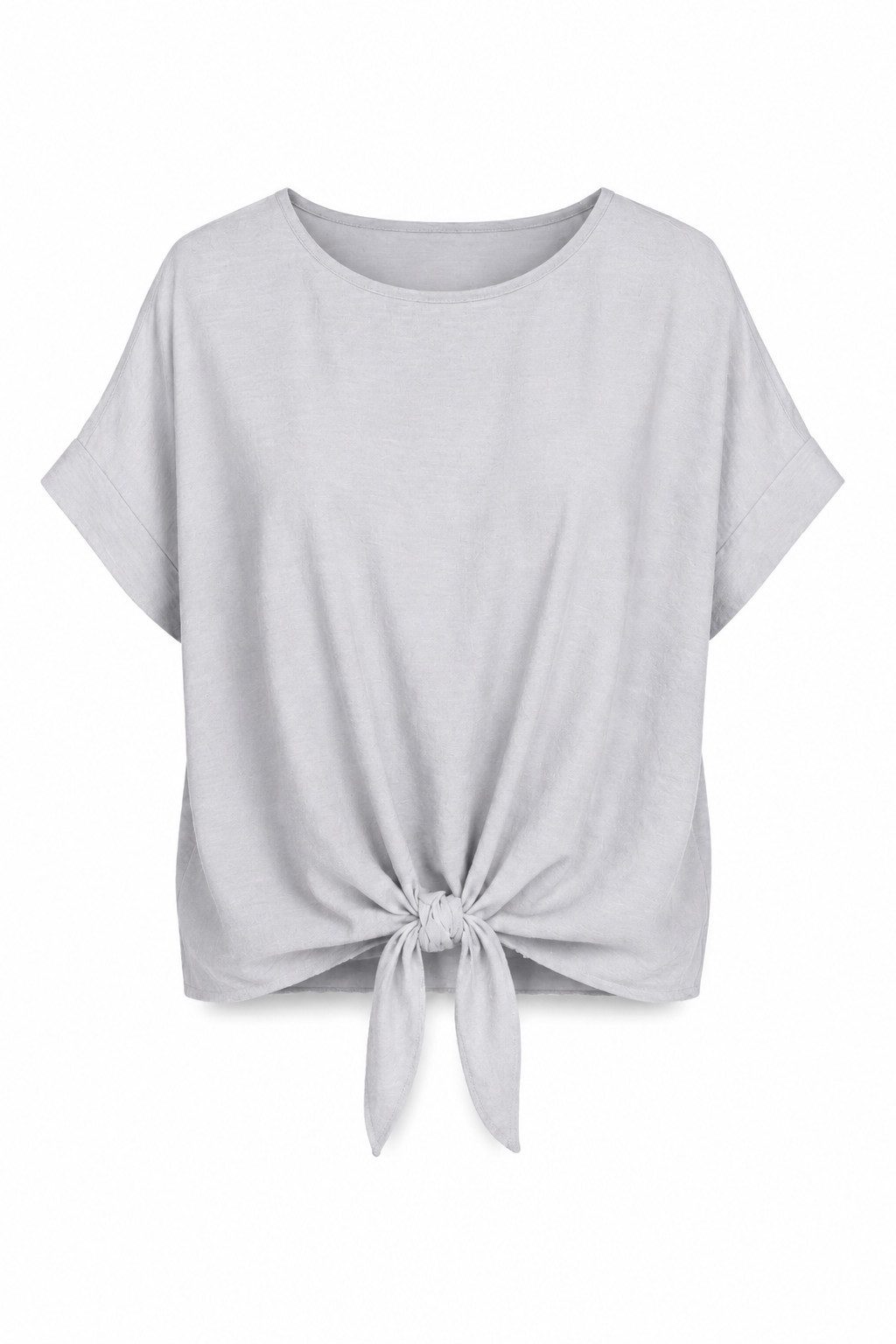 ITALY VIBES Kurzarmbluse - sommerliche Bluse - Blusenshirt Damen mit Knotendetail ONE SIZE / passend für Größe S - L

---

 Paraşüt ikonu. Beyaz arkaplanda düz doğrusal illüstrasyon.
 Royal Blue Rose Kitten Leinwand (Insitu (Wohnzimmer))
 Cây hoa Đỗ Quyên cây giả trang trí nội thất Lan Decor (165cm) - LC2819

→ What you have to do
A word-for-word copy of the lines above from the one with "Paraşüt ikonu. Beyaz" through the one with "Cây hoa Đỗ Quyên", inclusive, is the only output wanted.

→ Result of this exercise
 Paraşüt ikonu. Beyaz arkaplanda düz doğrusal illüstrasyon.
 Royal Blue Rose Kitten Leinwand (Insitu (Wohnzimmer))
 Cây hoa Đỗ Quyên cây giả trang trí nội thất Lan Decor (165cm) - LC2819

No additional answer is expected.